Chi siano queste "personalità" non è dato sapere. Molte leggi subiranno una "revisione profonda", ma i cambiamenti dovranno compiersi nel rispetto di non meglio precisati "valori nazionali". Gli ambiti d’intervento andranno dal modello elettorale all'informazione, attualmente controllata dal governo. Fin qui soltanto belle parole. Poca sostanza. Bouteflika ha spiegato che alcune riforme arriveranno in Parlamento entro la fine dell'anno. Per quanto riguarda le modifiche alla Costituzione, invece, bisognerà aspettare fino alle prossime elezioni, che si terranno nel maggio del 2012. Il Presidente deve aver capito che tutto questo non sarebbe stato sufficiente a calmare le acque. Così ha messo mano al portafoglio.

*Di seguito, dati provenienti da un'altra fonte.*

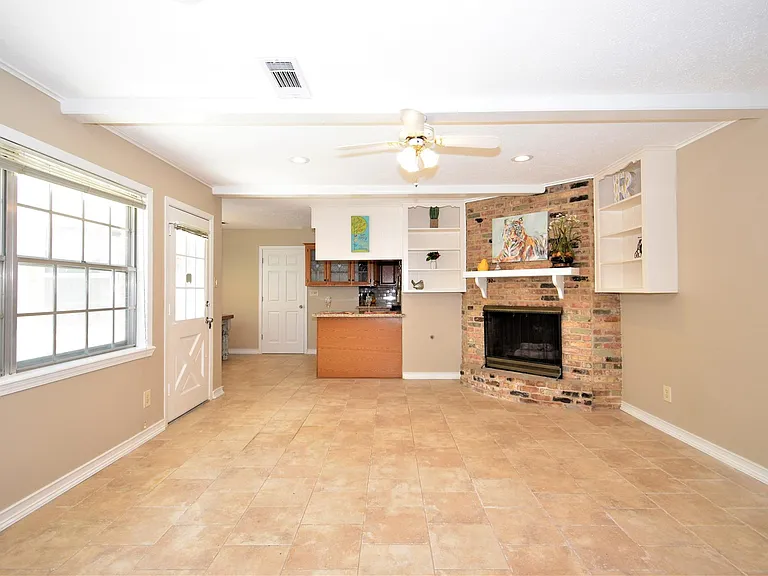 6011 Arboles Dr — Photo 16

Lunedì scorso il governo ha stabilito di alzare la spesa pubblica addirittura del 25%, attingendo alle ampie riserve di liquidità del Paese (circa 150 miliardi di dollari). Gli interventi dovrebbero creare nuovi posti di lavoro, aumentare i salari e abbassare i prezzi alimentari. L'opposizione si aspettava mosse del genere da parte di Bouteflika e non ci sta a farsi comprare. Il Presidente aveva annunciato il programma di riforme politiche ed economiche già a metà aprile, ma le proteste erano continuate come nulla fosse. Naturale quindi che tentasse un ulteriore passo avanti, dando alle sue promesse una veste solo leggermente più credibile.

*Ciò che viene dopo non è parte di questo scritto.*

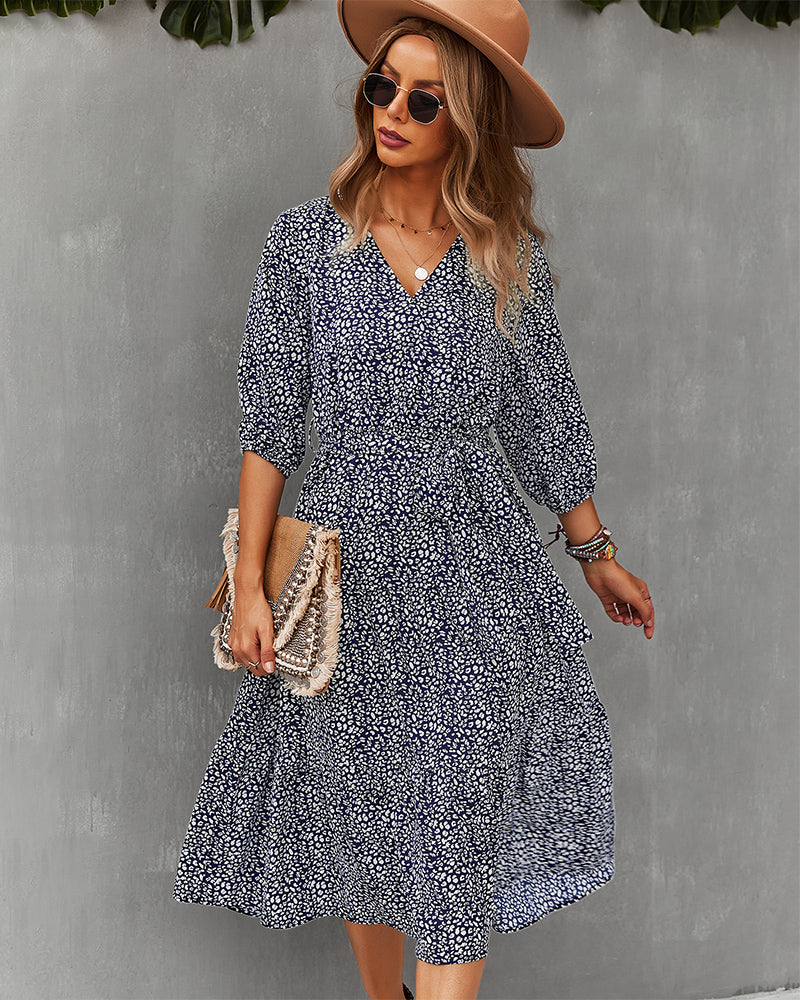 Vestido con lazo en la cintura y estampado de leopardo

Il Coordinamento nazionale per il cambiamento e la democrazia (Cncd) ha giocato d'anticipo, mettendo per iscritto già a fine aprile le rivendicazioni condivise con le altre forze d'opposizione. Chiede che venga istituito un Consiglio nazionale di transizione, che dovrebbe rimanere in carica un anno. Il suo compito sarebbe di nominare un governo provvisorio che scriva una nuova costituzione. Dovrebbe inoltre essere creato un Consiglio indipendente "per stabilire la verità e la giustizia" sulle attività di governo. Non basta quindi cambiare le leggi: le opposizioni chiedono la metamorfosi delle istituzioni e soprattutto che l'intera oligarchia corrotta a capo del Paese sia sostituita.

Se non inizierà un vero dialogo fra Bouteflika e i suoi avversari, la situazione potrebbe precipitare verso uno scenario a cui nessuno è preparato. Le manifestazioni sono state proibite in Algeria lo scorso dicembre, ma da allora diverse comunità di studenti universitari sono scese in piazza lo stesso per protestare contro il governo.

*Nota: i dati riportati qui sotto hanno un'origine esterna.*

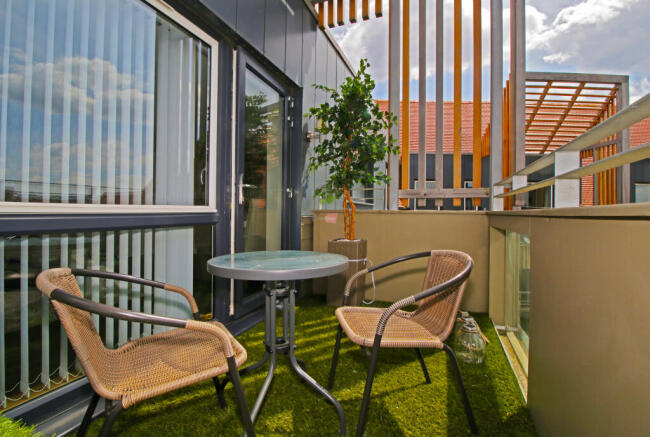 2 bedroom Apartment for sale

A febbraio l'Esecutivo ha ritirato lo stato d'emergenza imposto al Paese nel 1992, ma nemmeno questo è stato utile a riportare la stabilità. Anzi, il provvedimento ha dato ulteriore motivazioni ai manifestanti. Lo scopo annunciato era di ripristinare la liberà d'espressione e di associazione, ma per ora tutte le restrizioni restano al loro posto. E questo la dice lunga sulle reali intenzioni del governo.

Le ultime promesse di Bouteflika sono soltanto l'ennesimo specchietto per le allodole. Non è quindi sorprendente che manifestazioni, violenze e illegalità continuino ad essere all'ordine del giorno in Algeria. Mercoledì scorso centinaia di medici in sciopero sono scesi in piazza davanti al palazzo presidenziale di Algeri. La polizia li ha aggrediti. Molti sono stati arrestati e non se ne è più saputo nulla. Gli agenti hanno sequestrato i telefonini e malmenato i reporter perché nessuno venisse a sapere dell'accaduto.

L'unica storia d'Algeria che in questi giorni gode di una qualche risonanza è quella di Ahmed Kerroumi, professore universitario e membro del Cncd, trovato morto la settimana scorsa. Era stato rapito il 19 aprile. Frank La Rue, relatore speciale dell’Onu sulla libertà d’espressione, ha condannato la morte dell'attivista algerino e ha chiesto al governo che sia aperta un'inchiesta indipendente sul caso. Chissà che a lui diano ascolto.